Attualmente, sul panorama europeo, sono attivi il regolamento dell’Unione Europea n. 1881/2006 e la direttiva 2002/32/CE, che stabiliscono i livelli massimi di aflatossine consentiti per l’immissione degli alimenti sul mercato, comprese le materie prime per i mangimi.

I limiti imposti dalla normativa europea, tuttavia, sono molto più restrittivi rispetto a quelli consentiti in altri mercati (come ad esempio quello statunitense) lasciando spazio, dunque, ad una situazione in cui paradossalmente il mais europeo potrebbe essere venduto sul mercato statunitense ma non in Europa.

La disparità tra i livelli consentiti nelle varie parti del mondo crea notevoli disagi e restrizioni agli agricoltori europei, soprattutto dell’area mediterranea.

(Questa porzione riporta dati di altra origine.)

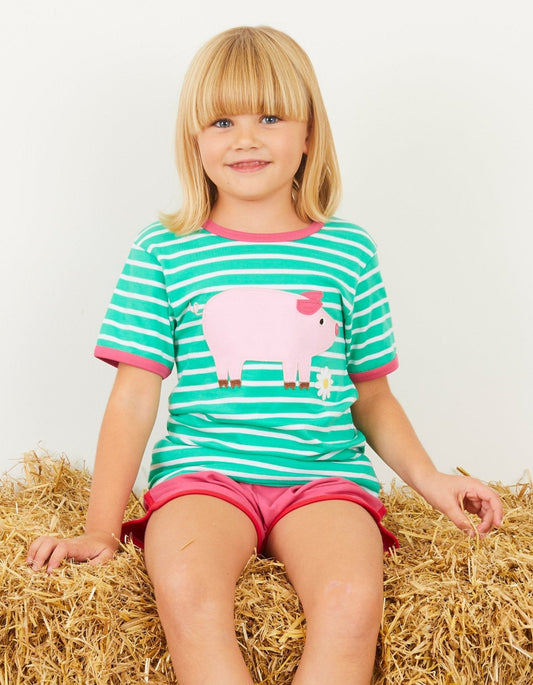 Organic Pig Applique T-Shirt - Toby Tiger UK Retail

Per questo motivo - continua il vicepresidente Martini -  si auspica ad una uniformità nella regolamentazione internazionale che pareggi dei dati oggi discordanti. Rimangono al centro, naturalmente, i valori di assoluta tutela della sicurezza alimentare dei consumatori, ma accanto a questi si deve aggiungere un ragionevole allargamento di limiti troppo restrittivi per la realtà europea”.